Às vezes, não há nada como ir ao cinema para perceber a realidade. Em 1997, o filme “Wag the Dog”, com Dustin Hoffman e Robert de Niro, contava a forma como um Presidente americano criou uma guerra fictícia na Albânia para, com espetacular sucesso, desviar as atenções de um escândalo doméstico. A história podia ter sido esquecida e remetida para os arquivos da cinemateca, mas, em vez disso, transformou-se num símbolo de como o poder político tem a vontade e a capacidade de inventar cortinas de fumo e inimigos externos para distrair os eleitores. O filme começa com uma explicação do título, que se traduziria literalmente para português por “abana o cão”. Logo a abrir, temos esta frase: “Porque é que o cão abana a cauda? Porque o cão é mais esperto do que a cauda. Se a cauda fosse mais esperta, seria ela a abanar o cão”.

Na política portuguesa, nós somos o cão, os inimigos ocasionais do governo são a cauda e a superioridade da esperteza pertence inteira ao primeiro-ministro — que, alternadamente, consoante os seus interesses do momento, ordena ao cão que abane a cauda ou à cauda que abane o cão. O importante é que algo abane sempre, para que os eleitores não foquem a sua atenção nos falhanços do governo ou nas incompetências dos ministros, a começar pelo primeiro.

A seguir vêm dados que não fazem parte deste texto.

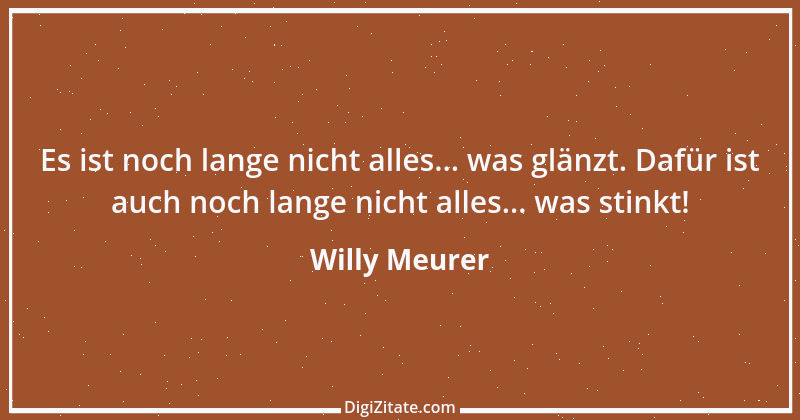 Zitat von Willy Meurer 1344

É um truque antigo, mas que resulta sempre. Em setembro de 2021, quando os portugueses se preparavam para votar nas eleições autárquicas, António Costa foi a Matosinhos apoiar a presidente de câmara Luísa Salgueiro e tirou da cartola a promoção da Galp a empresa inimiga da pátria. Levantando a voz, afirmou que “era difícil imaginar tanto disparate, tanta asneira, tanta insensibilidade, tanta irresponsabilidade, tanta falta de solidariedade como aquela de que a Galp deu provas” ao encerrar a refinaria de Matosinhos. E avisou, de forma ominosa: “Quem se porta assim tem de levar uma lição. Tem de levar uma lição para que esta lição seja exemplar”.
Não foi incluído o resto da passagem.